Health Council of Canada
- Founded: 2003-2014
- Type: Nonprofit organization
- Focus: Health, Health Care System, Medicare (Canada)
- Location: Toronto, Ontario, Canada;
- Key people: Council Chair, Dr. Jack Kitts; Health Council of Canada CEO, John G. Abbott; Health Council of Canada COO, Kathryn MacDonald
- Website: healthcouncilcanada.ca

= Health Council of Canada =

The Health Council of Canada was a national, independent, public reporting agency based in Toronto, Ontario, Canada. Announced as part of the 2003 First Ministers' Accord on Health Care Renewal with a mandate to report publicly to Canadians, the Health Council provided a system-wide perspective on health care reform related to the 2003 Accord’s policy and program commitments as well as those contained in the 2004 10-Year Plan to Strengthen Health Care. In 2010, the Health Council’s mandate was expanded to include the nationwide dissemination of information on best practices and innovation in health care.

== History ==
Created in 2003, the Health Council of Canada produced more than 60 reports on a variety of health care themes, such as Aboriginal health, access and wait times, health promotion, health system performance, home and community care, pharmaceuticals management, and primary health care.

The work of the Health Council of Canada was funded by Health Canada, overseen by 13 independent councillors and one ex-officio councillor appointed by the federal, provincial, and territorial governments (excluding the Government of Quebec), and supported by a professional secretariat based in Toronto.

In addition to its reports, the Health Council of Canada assessed and highlighted innovations that were contributing to a higher-quality health care system in a searchable database called the Health Innovation Portal. Launched in November 2012, the portal featured practices, policies, programs and services that could be scaled up or adopted elsewhere in Canada, ideally to improve health outcomes in the most cost-effective manner possible. Notable features of the portal included a searchable database with more than 400 innovative practices covering a range of health care themes, a user-friendly search function, and customizable outputs for health policy researchers.

The Health Council also hosted national symposia, roundtables and town halls on critical health care topics such as system sustainability, health human resources, integrated care, patient engagement, and quality improvement. It continually engaged key stakeholders on important health policy issues in its work, online and through its social media channels. The Health Council was also an active contributor to the online Evidence Network for health care journalists and researchers as well as McMaster University’s Evidence-Informed Healthcare Renewal (EIHR) portal.

In April 2013, the federal government announced that its funding for the Health Council of Canada would end after March 2014. According to the federal government, with the end of the accords in 2014, the Health Council had completed its mandate.
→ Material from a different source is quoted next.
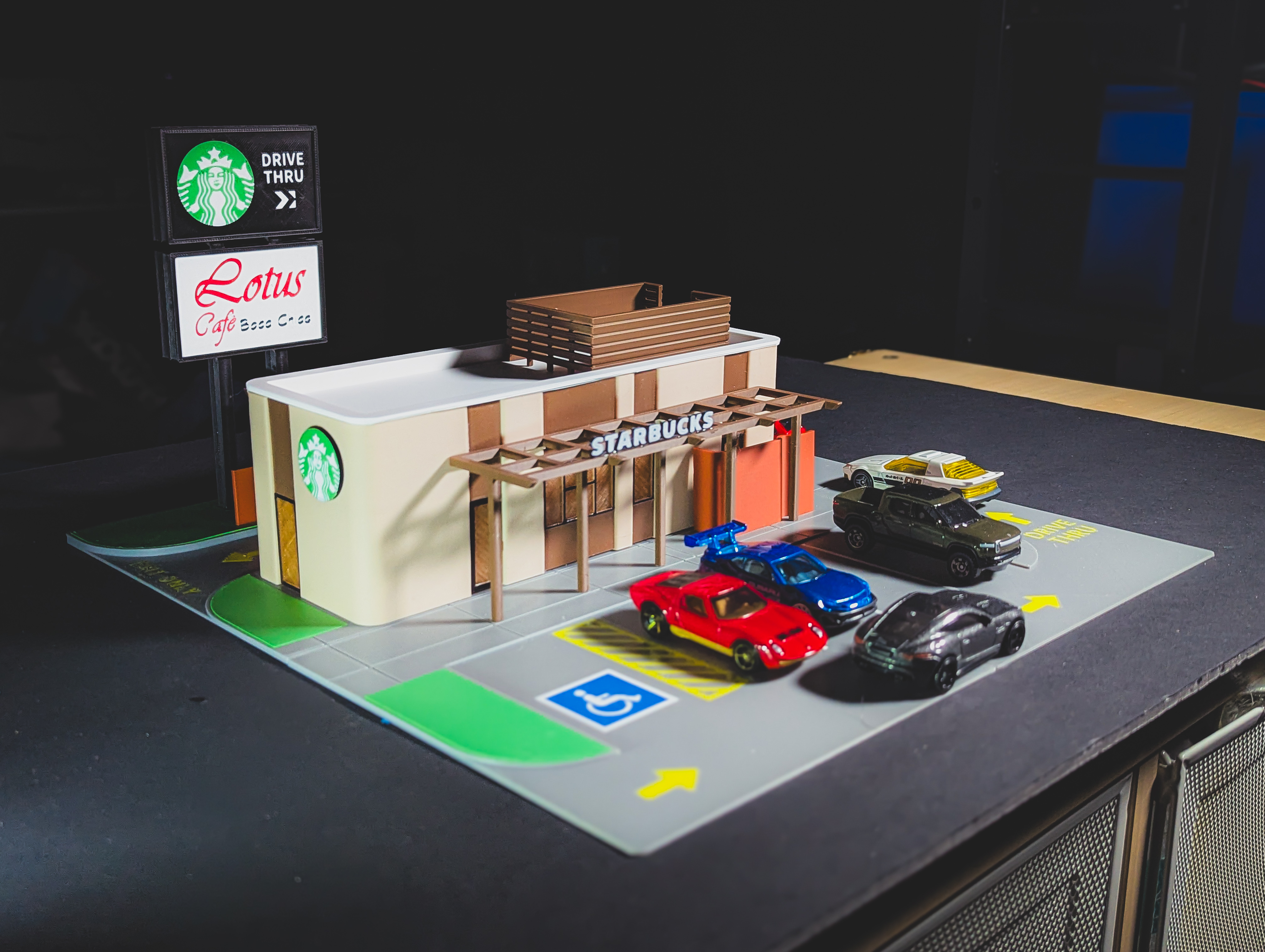 Starbucks Model Set - 1:64 Scale Diorama — thumbnail 17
In September 2013, an independent evaluation conducted by KPMG found that "the Health Council is the top [Canadian] organization that comes to mind among its key audiences when it comes to seeking information on both health system performance and innovative practices in health care." The Health Council of Canada’s work will still be available online. Content from the Health Innovation Portal has been transferred to Accreditation Canada’s leading practices database, and the Health Council’s website is archived online.

== Select publications ==
HCC publications include "Better health, better care, better value for all: Refocusing health care reform in Canada", Progress reports, the Canadian Health Care Matters series, Aboriginal health reports, "Seniors in need, caregivers in distress: What are the home care priorities for seniors in Canada?" and "Innovative Practices Evaluation Framework."